Remember, only a small percentage of loan modification applicants receive an approval. In the unlikely event you are approved for a loan modification, there is a 5 to 6 month trial process. During this time, if you are even 1 day late or $1 short, you will be immediately accelerated back into foreclosure.
2. FORBEARANCE AGREEMENT
If you don’t qualify for a loan modification, then the Forbearance Agreement may be better for you. The Forbearance Agreement is a worked out agreement with the bank. Here is how a forbearance agreement works. The bank will ask for attorney fees and then approximately 40% to 50% of the back payments. The remaining back payments will be equally divided between the next 6 to 12 payments, raising your monthly payment for that 6 to 12 month time. At that time, the payments will return to their former lower payments.
Remember these 2 important points:
1. 90% of homeowners fall out of their forbearance agreement in the first 2 to 3 months because of failure to pay.
2. Just because you worked out a deal with the bank, doesn’t mean you’re out of foreclosure. You are still in foreclosure until your increased payments are made. Then and only then, will you receive a foreclosure withdrawal letter from the bank, stating your loan is current. In the meantime, the bank will keep extending the foreclosure sale date every month.
3. REFINANCE YOUR MORTGAGE
It is impossible to refinance your mortgage if have been late on payments or in foreclosure. However, sometimes the mortgage broker is not completely honest. They might charge you appraisal fees, loan fees, and broker fees before letting you know that you do not qualify.
4. DEED IN LIEU OF FORECLOSURE
The deed in lieu of foreclosure is when you give ownership of your home and deed it back to the bank. The bank will always accept this. However, it is not a good option for you. In most cases, the bank will place a foreclosure on your credit and you could end up with a 1099-C sent to the IRS for additional income, if the bank sells the property for less than what you owe.
5. SELL YOUR HOME TO A REAL ESTATE AGENT
Remember, you have to disclose to your listing agent that you are behind in payments or in foreclosure. Even if your listing agent got a contract on your house today, it will take 30 to 45 days to close in most cases. If your foreclosure date is before that, then this will not be an option for you. Listing your home with an agent right now may not be an option, unless you’re willing to sell it well below market value. Even at below market value, it will still take 30 day to close.
Sometimes, realtors can be helpful they will come to you and say they have a buyer for your home. If they say this, it is okay to give them a 24-hour listing. You give them the 24-hour listing so that they can bring the buyer by that they have promised you. This is the safest way for you to not be tied up in a long-term listing.

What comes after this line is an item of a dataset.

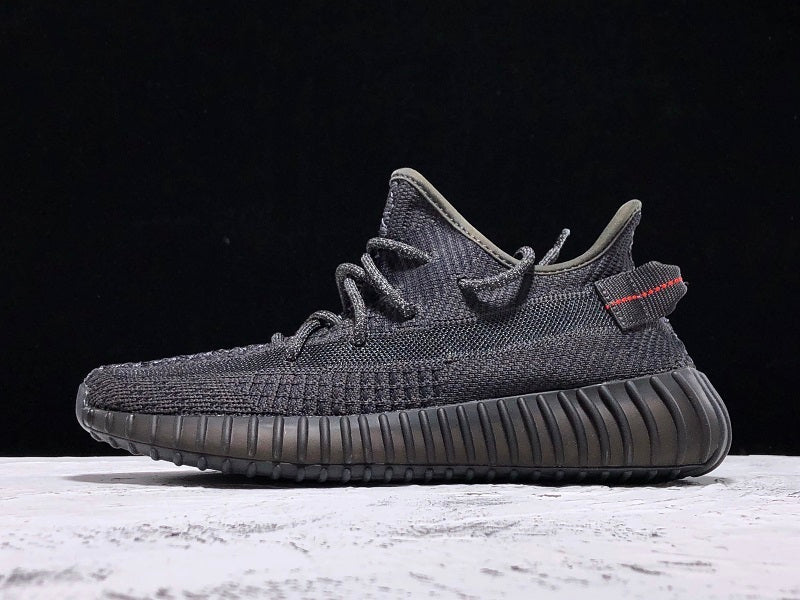 YEEZY BOOST 350 V2 BLACK-NON REFLECTIVE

Overall, you need to be careful.
Make sure that everyone you work with puts everything in writing, including a way you could get out of the contract without any further damage to you or your situation.
6. SELL YOUR HOME TO A CASH BUYER
This could be one of your best options. We will buy your home outright. We will buy your home from you, pay off the balance and all late back payments, place cash in your hands and relieve you from your dilemma.

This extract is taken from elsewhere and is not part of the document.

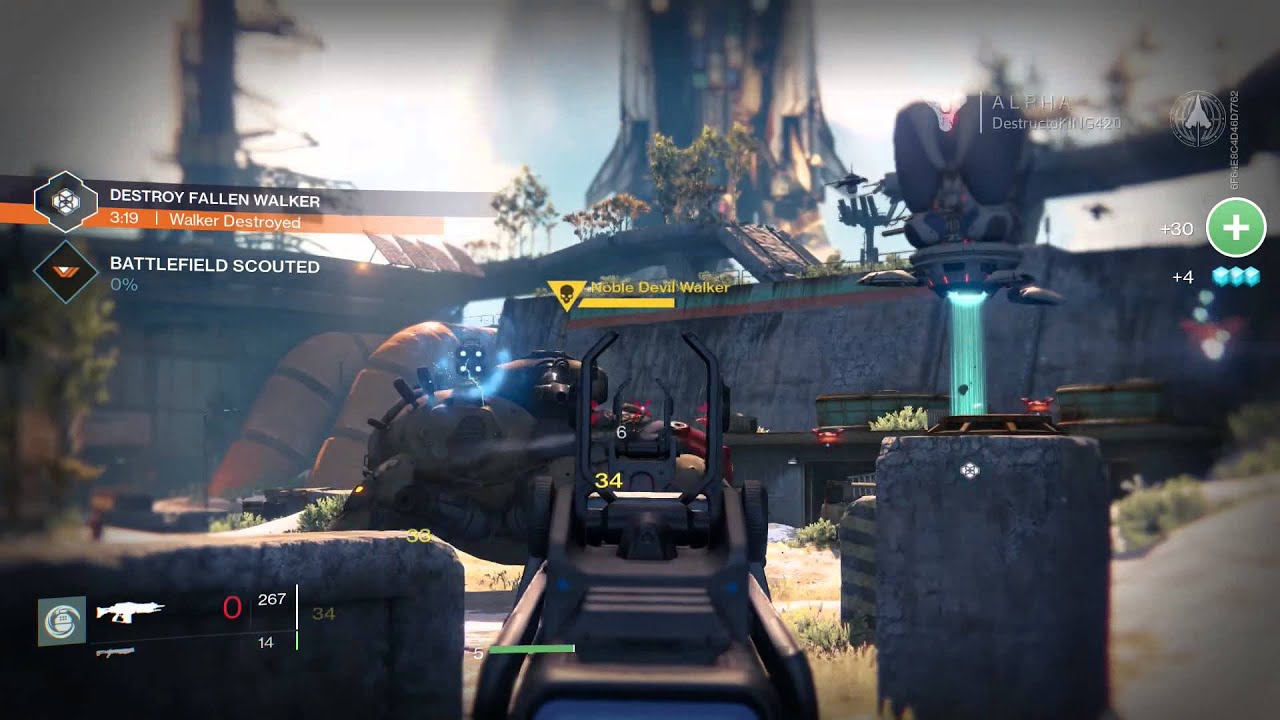 Destiny Alpha (Six legged Tank)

7. SELL YOUR HOME SUBJECT TO
This is another great option. You, the homeowner, will convey the property to the investor by Warranty Deed. In exchange, the investor will pay all of your late payments to make the mortgage current. They will make the monthly mortgage payments until the property is sold or refinanced, whichever comes first. Then, they will file the deed at the courthouse to protect the their interests and yours. They will pay you an agreed-upon amount of money when the property is deeded over to them and pick a date for you to vacate the premises. The objective of this method is for someone to take over the existing loans, bring the payments current, keep them current for the length of the agreement, and therefore relieving you of the monthly debt.
The longer the payments are made for you, the better your credit will become. In every option, including this one, make sure that all parties involved are made aware of the details in this transaction. Remember, your name will remain on the mortgage and the buyer will be making the mortgage payments on your behalf.
8. DO NOTHING AND LOSE YOUR HOME
This does not sound like an option however, we must present all options to you. In a foreclosure, your home will end up at a local option. Shortly after your home is sold at the auction, a Sheriff Deputy will show up to your house to remove you, your family, and all your belongings to the curb. A foreclosure is essentially dropping an atomic bomb on your credit. This hit to your credit will most likely disqualify you from acquiring new credit cards, possibly getting a new job, a new car, purchasing another home, and even renting an apartment. A foreclosure will remain on your credit for 7 to 10 years.